First, the Blue House made a mistake by treating manufacturers as if they were criminal groups that are cornering the market for profits. That discouraged manufacturers and exacerbated a shortage of supply. According to a reliable source, two public servants from the Ministry of Food and Drug Safety, one policeman and one official from the National Tax Service, were dispatched to a mask factory in Gyeonggi on Saturday and monitored the production and shipment process all day long. They were there to encourage the workers while preventing them from hiding products.

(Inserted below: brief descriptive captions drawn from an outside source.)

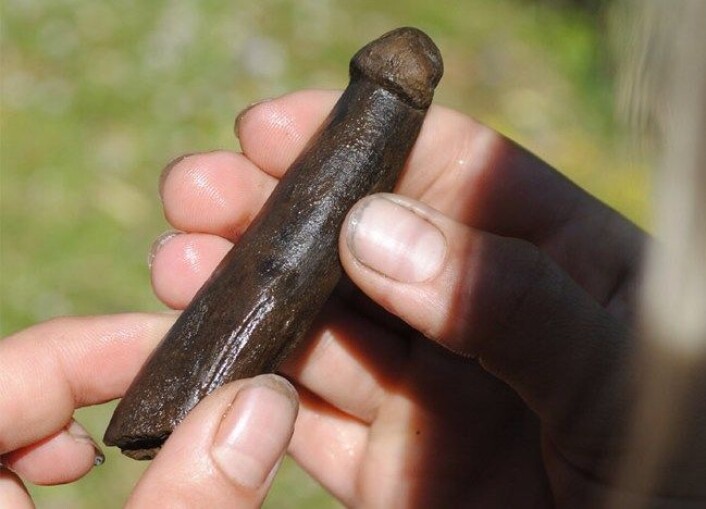 "Gammel, men fortsatt potent. Hornfiguren måler 12 centimeter i lengde og er to centimeter i diameter, ifølge de svenske forskerne (Foto: Göran Gruber/ Riksantikvarieämbetet)" "Gammel, men fortsatt potent. Hornfiguren måler 12 centimeter i lengde og er to centimeter i diameter, ifølge de svenske forskerne (Foto: Göran Gruber/ Riksantikvarieämbetet)"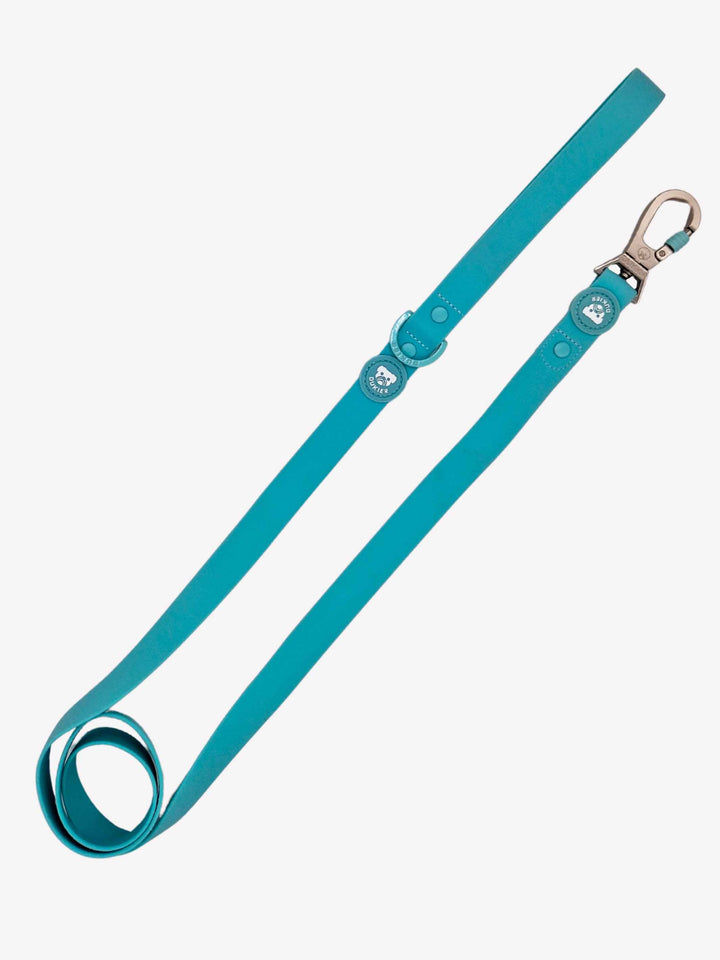 WATERPROOF LEASH FOR DOG MINT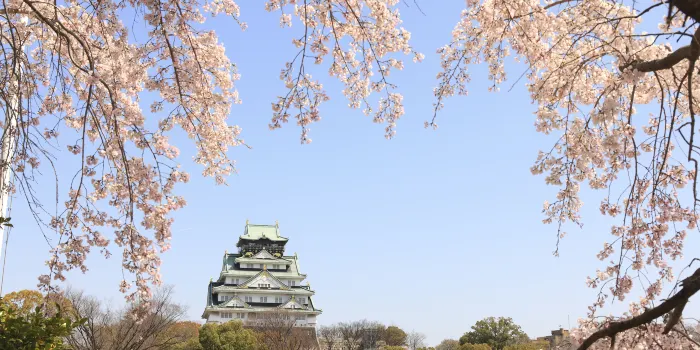 Osaka Castle Park image 2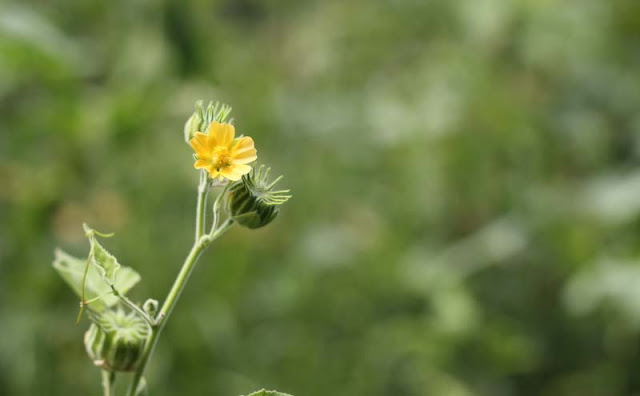 Indian Mallow Flowers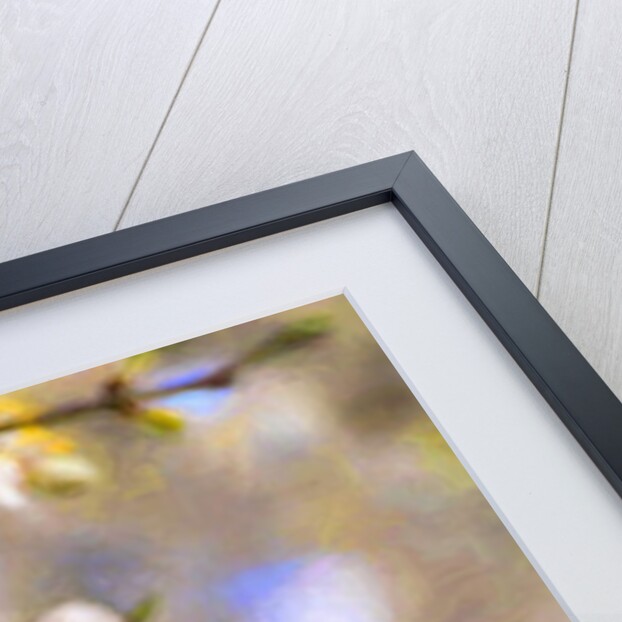 Blossom Joy, 2019 by Helen White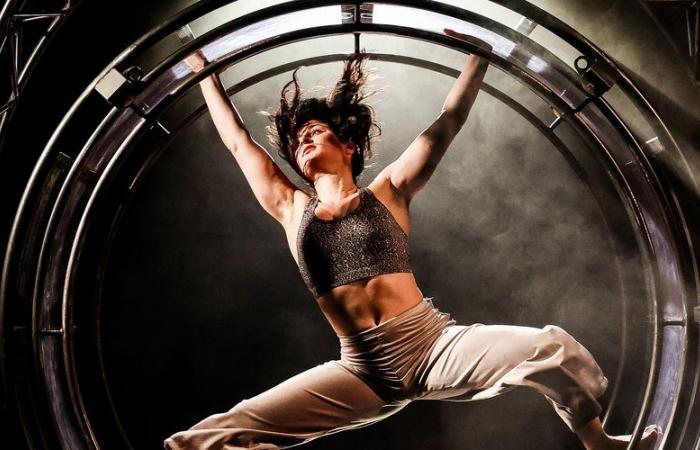 A magical stroll through the circus arts from November 15 to 17 in Foix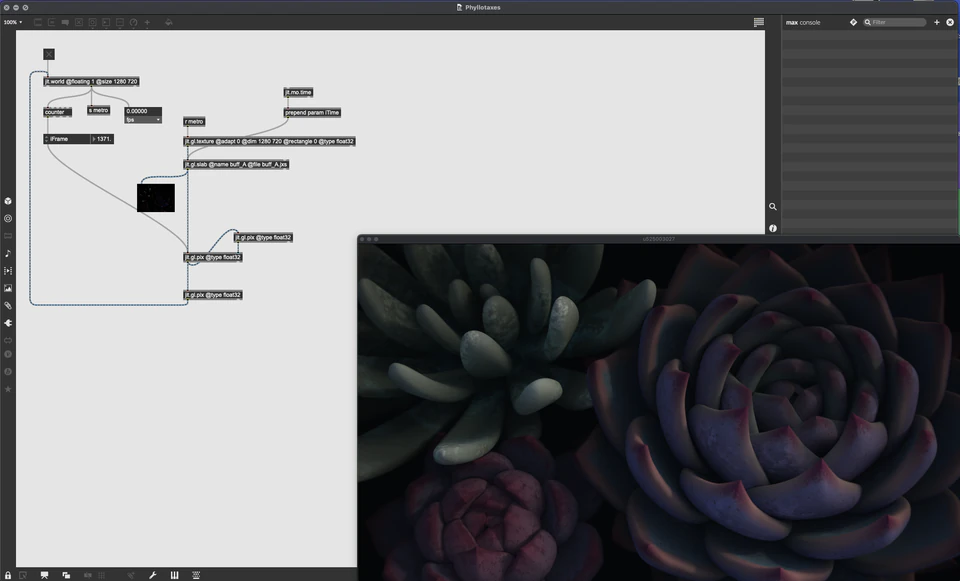 Max/MSP/Jitter patcher beside dark layered succulent-like forms in blue and purple light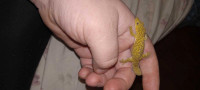 Bauer chameleon gecko sale/trade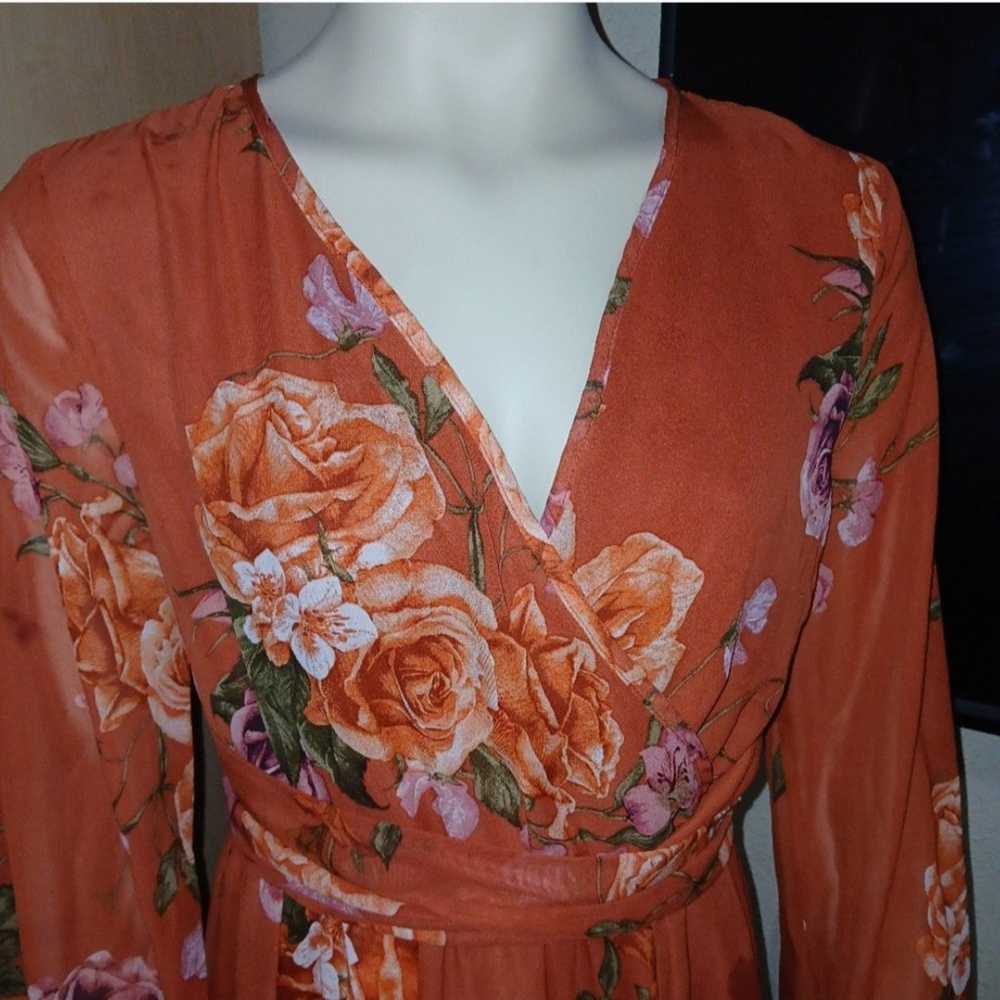 Beautiful Baltic Born floral Maxi Dress. New cond… - image 3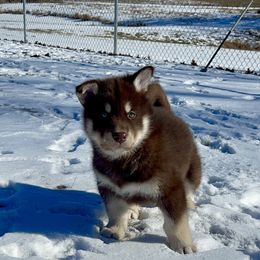 Alaskan Malamute Puppies from Fawn River Malamutes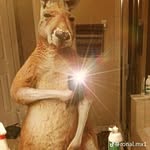 Adriel Vélez - @adrielvelez3 - Instagram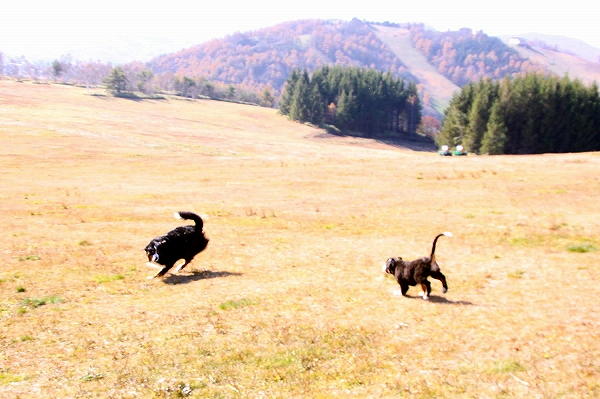 c0149178_82555.jpg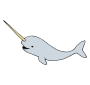 Narwhal Picture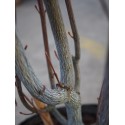 Acer rufinerve - érables à peau de serpent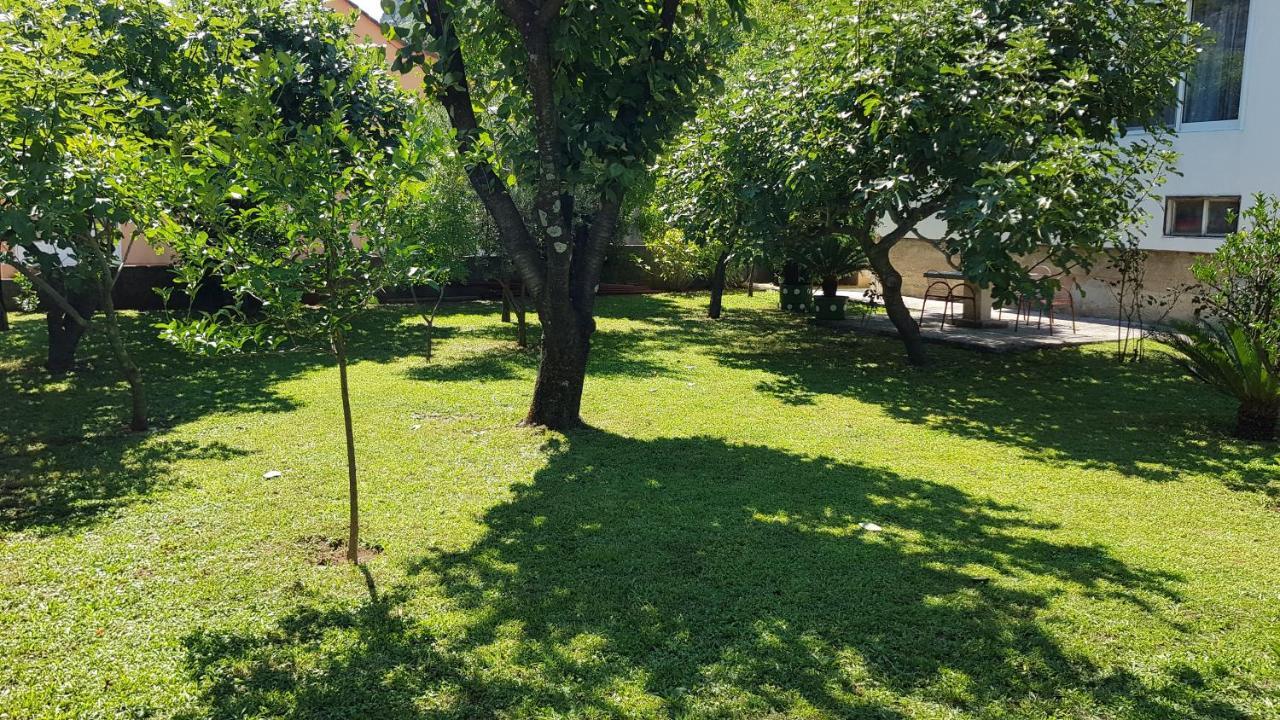 Apartment Angel Kotor Luaran gambar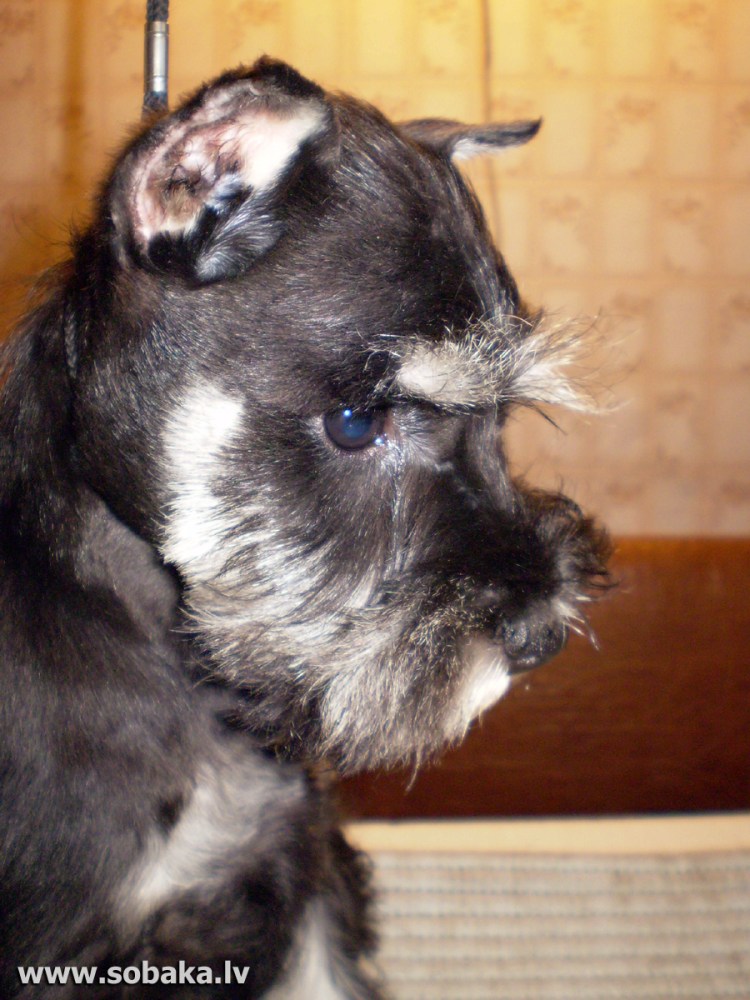 Приклеенные уши Цвергшнауцер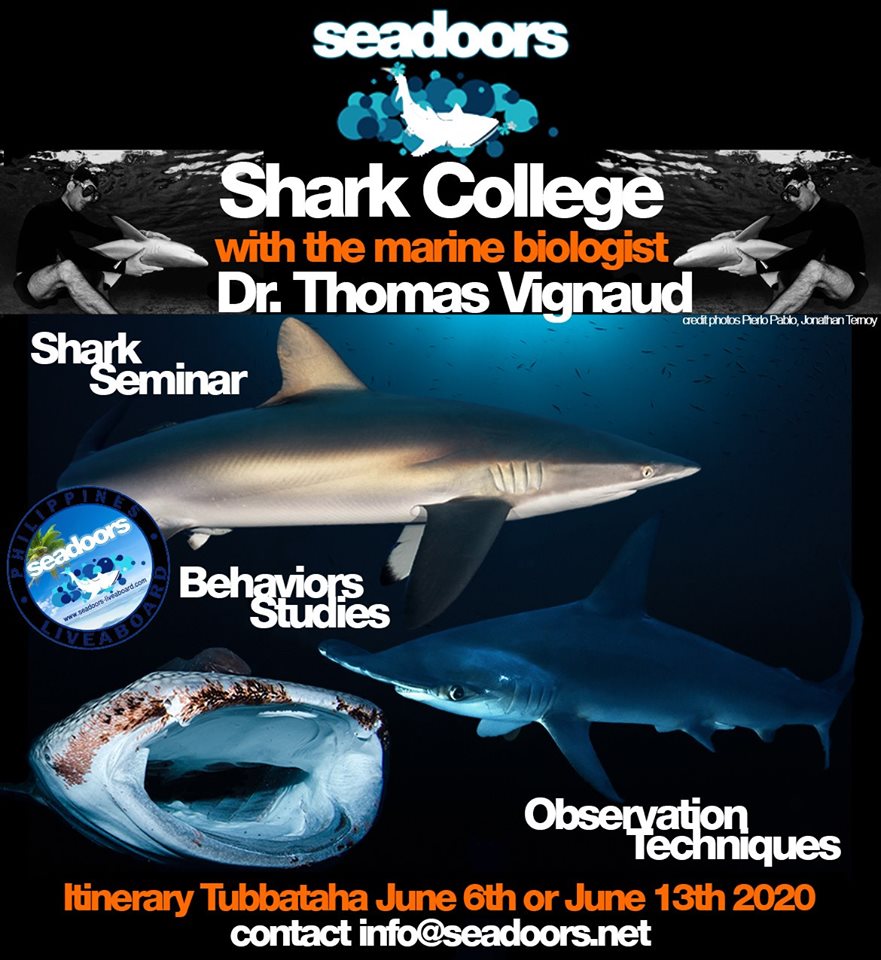 seadoorsLA's tweet photo. Le succès de Seadoors Shark College avec le Dr. Thomas Vignaud - https://t.co/ix6QNJ8sMw https://t.co/kJMXgNfuMI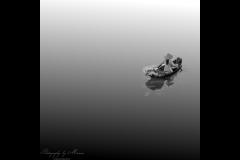 Photography by Marcus - 8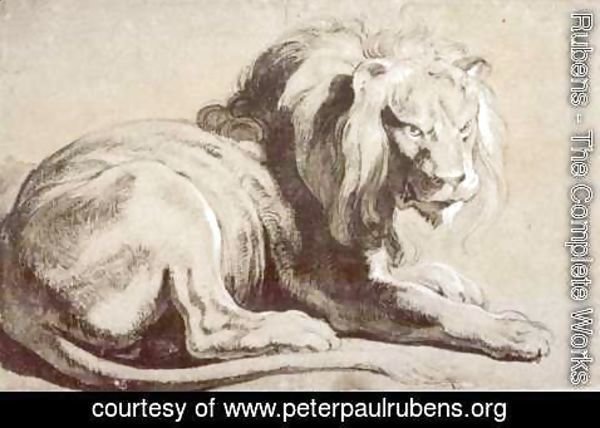 Rubens - Etude of lion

The factory had 10 workers, but the government sent four officials there. As there are about 130 face mask factories around the country, such tough measures were likely taken at almost all of them. The face mask industry has been exhausted because the factories have been operating 24 hours a day — despite the Moon Jae-in administration’s uniform enforcement of the 52-hour workweek. Instead of monitoring them, the government should have resolved the shortage of raw materials, mobilized soldiers to help production and offered the manufacturers compensation.
EDent — a dental product manufacturer with a 20-year history — said it will stop producing face masks over the weekend, ahead of the government’s introduction of a new purchase restriction system. The Blue House must change the idea of pressuring the industry to meet demand — even without considering manufacturers’ situations. Laws, common sense and the market are the wisest way to fight the outbreak.